Task brief:
Make an exact transcript of the lines in the data below, starting with the one containing "コトブキヤ 小芦睦海[剛毅] 【プラモデル】" and going on through the one containing "valentine's day gift", with both included and the pictures left out.

Extracted data:

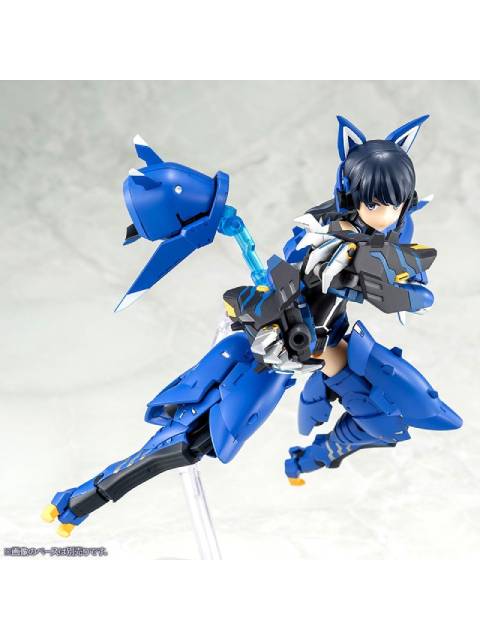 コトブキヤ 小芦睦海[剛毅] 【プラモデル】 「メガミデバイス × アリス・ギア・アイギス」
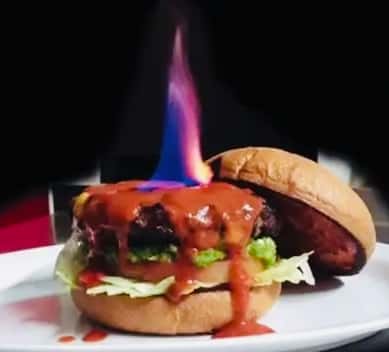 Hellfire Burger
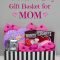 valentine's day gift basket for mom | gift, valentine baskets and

...

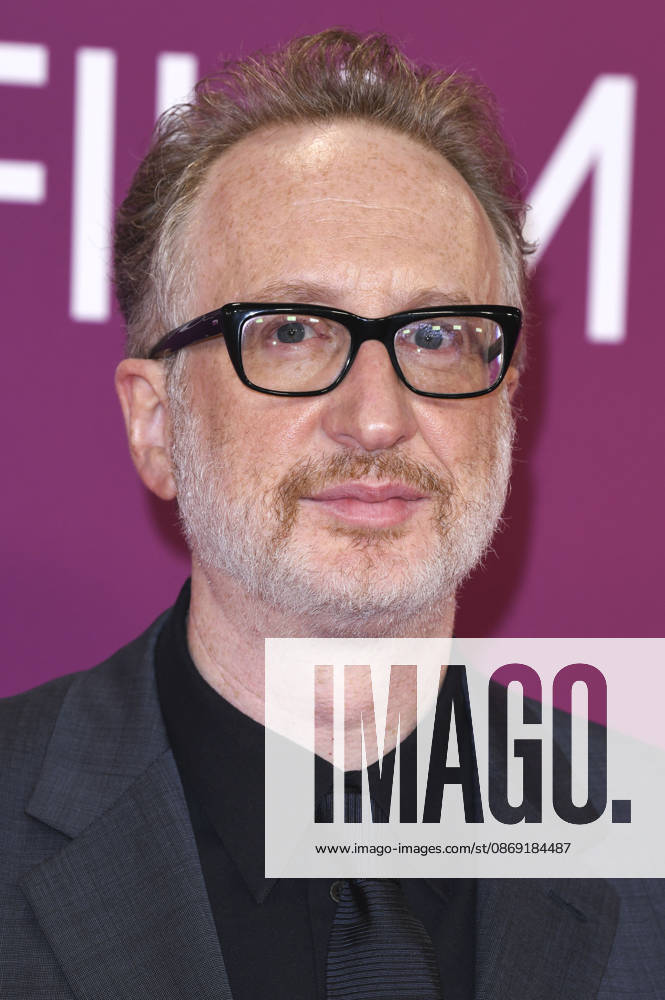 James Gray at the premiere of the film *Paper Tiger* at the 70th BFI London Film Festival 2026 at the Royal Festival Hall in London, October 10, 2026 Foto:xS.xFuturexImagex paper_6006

Written response:
 コトブキヤ 小芦睦海[剛毅] 【プラモデル】 「メガミデバイス × アリス・ギア・アイギス」
 Hellfire Burger
 valentine's day gift basket for mom | gift, valentine baskets and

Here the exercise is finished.